Isenção no IRPF para portadores de doenças graves Aplicabilidades e limitações.

A Lei 7.713/88 estabelece em seu artigo 6º, XIV, que todo contribuinte portador de doença grave e comprovadamente aposentado em razão dela, terá seus rendimentos isentos do Imposto de Renda.

Nesse sentido:

Art. 6º Ficam isentos do imposto de renda os seguintes rendimentos percebidos por pessoas físicas:

(…)

XIV – os proventos de aposentadoria ou reforma motivada por acidente em serviço e os percebidos pelos portadores de moléstia profissional, tuberculose ativa, alienação mental, esclerose múltipla, neoplasia maligna, cegueira, hanseníase, paralisia irreversível e incapacitante, cardiopatia grave, doença de Parkinson, espondiloartrose anquilosante, nefropatia grave, hepatopatia grave, estados avançados da doença de Paget (osteíte deformante), contaminação por radiação, síndrome da imunodeficiência adquirida, com base em conclusão da medicina especializada, mesmo que a doença tenha sido contraída depois da aposentadoria ou reforma.

O grande objetivo da isenção do Imposto de Renda Pessoa Física nos rendimentos do portador de uma moléstia grave é fazer com que esse contribuinte tenha maior capacidade financeira para custear as despesas do seu tratamento.

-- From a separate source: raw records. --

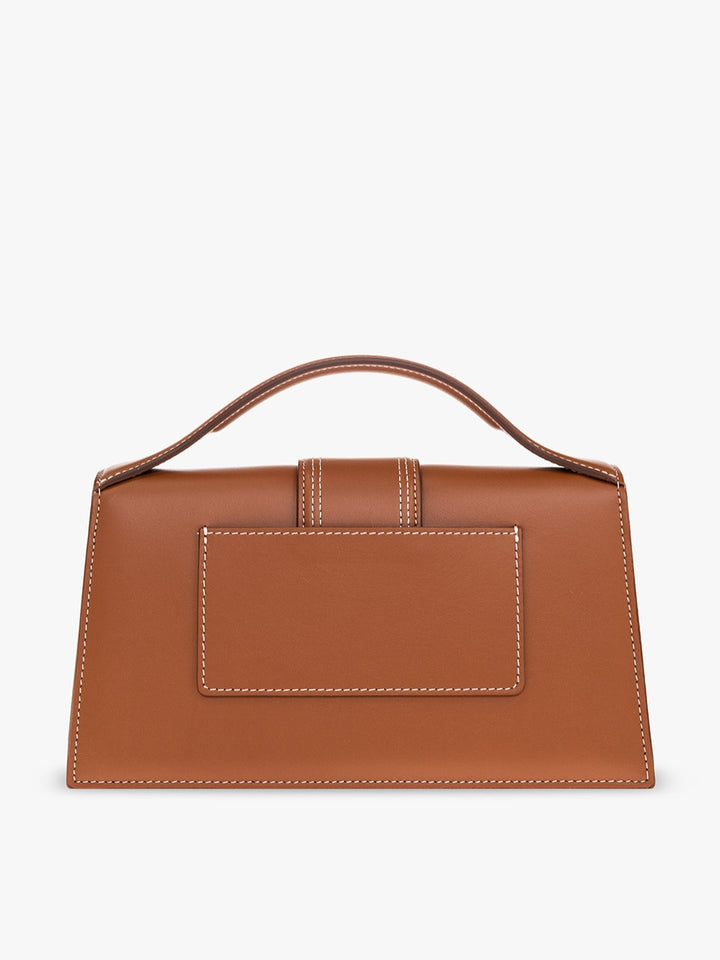 Hellbraune Lederhandtasche Le Grand Bambino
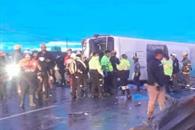 Deja 8 muertos volcadura de camión urbano en la Miguel Alemán Deja 8 muertos volcadura de camión urbano en la Miguel Alemán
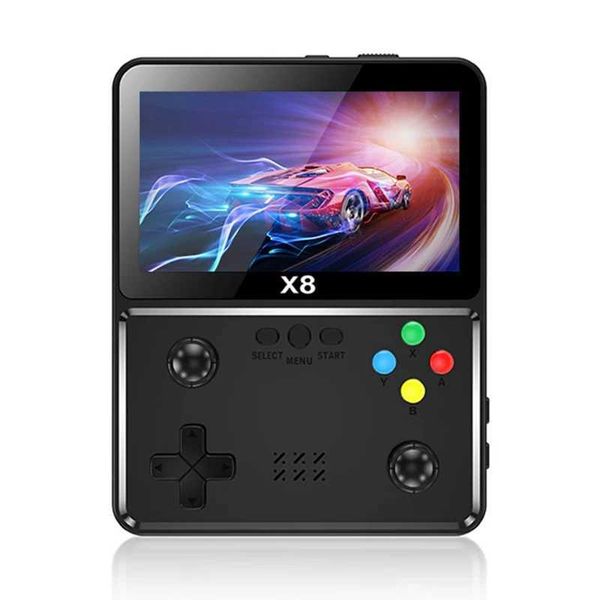 X8 Retro Game Console 4Inch IPS Sn Handheld Game Player 10 Simators Video Game Console For SFC GBC GBA Z241226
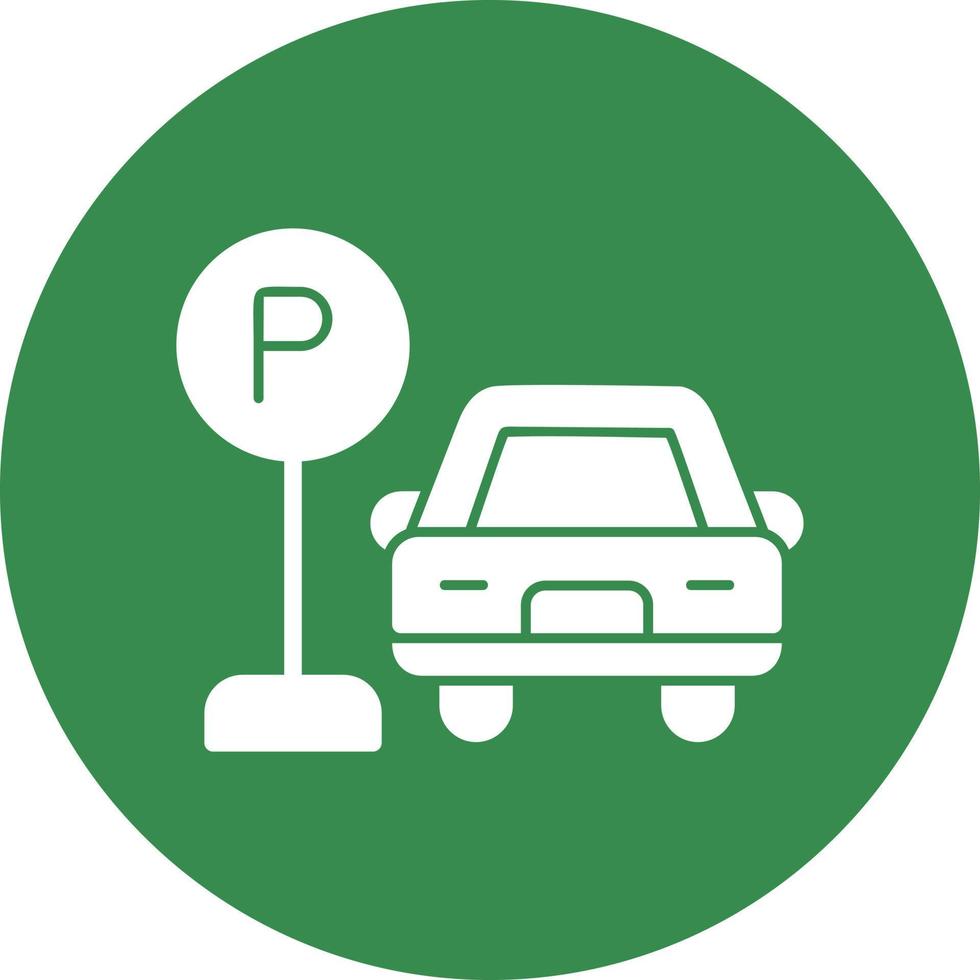 Parkplatz-Vektor-Icon-Design vektor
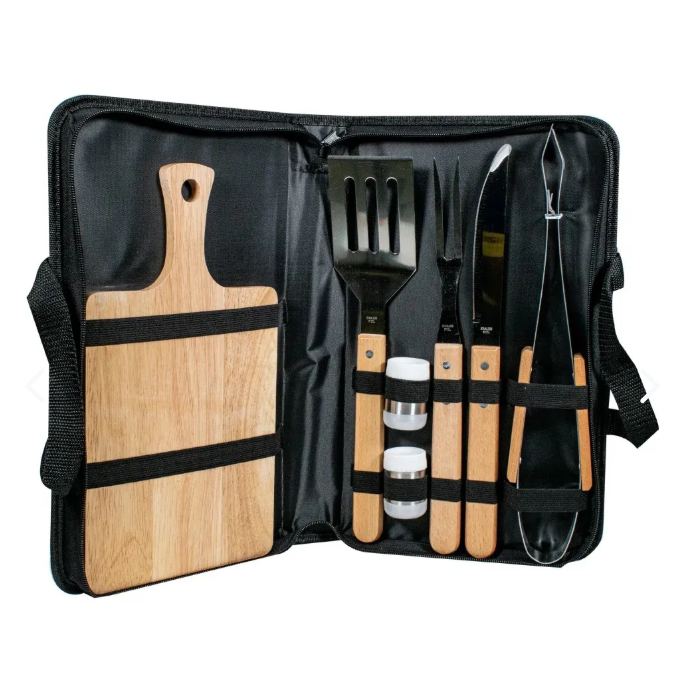 SET PARA ASADOS DE 7 PIEZAS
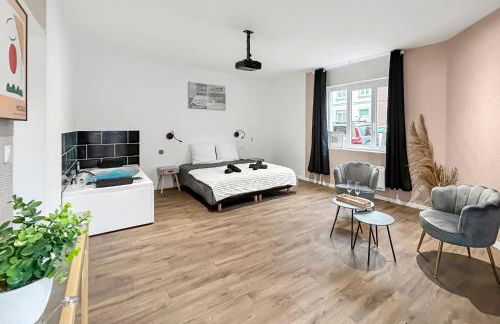 Balnéo privée & cinéma XXL - Logement premium à Tourcoing - Foto 10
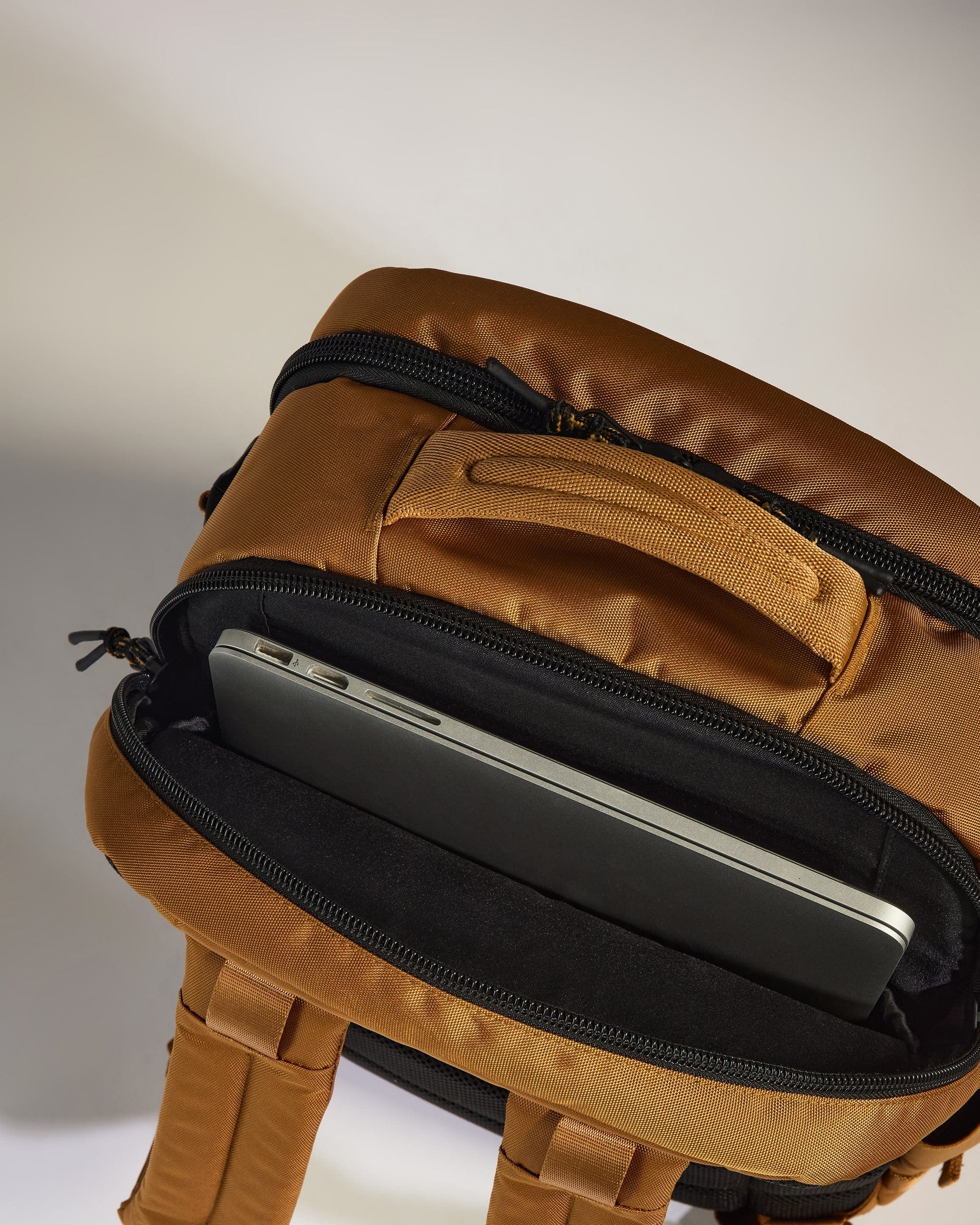 Antler Luggage -  Discovery Backpack in Mustard Yellow - Backpack Discovery Backpack in Yellow | Rucksacks & Travel Bags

Essa situação especial se deve ao fato de que a pessoa terá de suportar inúmeros gastos para poder obter um tratamento digno e satisfatório, no intuito de sanar ou amenizar a sua enfermidade.

Limitações e aplicabilidades

O contribuinte, além de possuir alguma das doenças citadas no rol do artigo 6º, inciso XIV, da lei 7.713/88, precisa comprovar estar aposentado em razão dessa enfermidade para obter a isenção do IRPF. Assim, percebe-se que a concessão da isenção não é algo tão comum, considerando-se que, muitas vezes, é bastante árduo o cumprimento dos requisitos previstos pela legislação, já que são cumulativos e extremamente onerosos para o contribuinte.

E mais, mesmo com o avanço da medicina e a descoberta de novas doenças igualmente graves, o entendimento dos Tribunais brasileiros, infelizmente, é de que a lista de doenças estabelecida pela referida Lei é taxativa, ou seja, nenhuma outra doença além daquelas citadas será capaz de conceder a isenção no IRPF.

E financeiramente, compensa a conquista da isenção?

Considerando que o contribuinte acaba sendo forçado a se aposentar para conquistar o benefício, a concessão da isenção tributária, na prática, acaba se tornando bastante limitada, e pouco lucrativa, para o sujeito que a obtém. A exigência da aposentadoria faz com que, em muitos casos, não existam grandes benefícios àquele que solicitar pela concessão da isenção no recolhimento do IRPF, pois, não raras vezes, o enfermo poderá desfrutar de uma melhor qualidade de vida caso opte por se manter em atividade e custear o tratamento com recursos próprios.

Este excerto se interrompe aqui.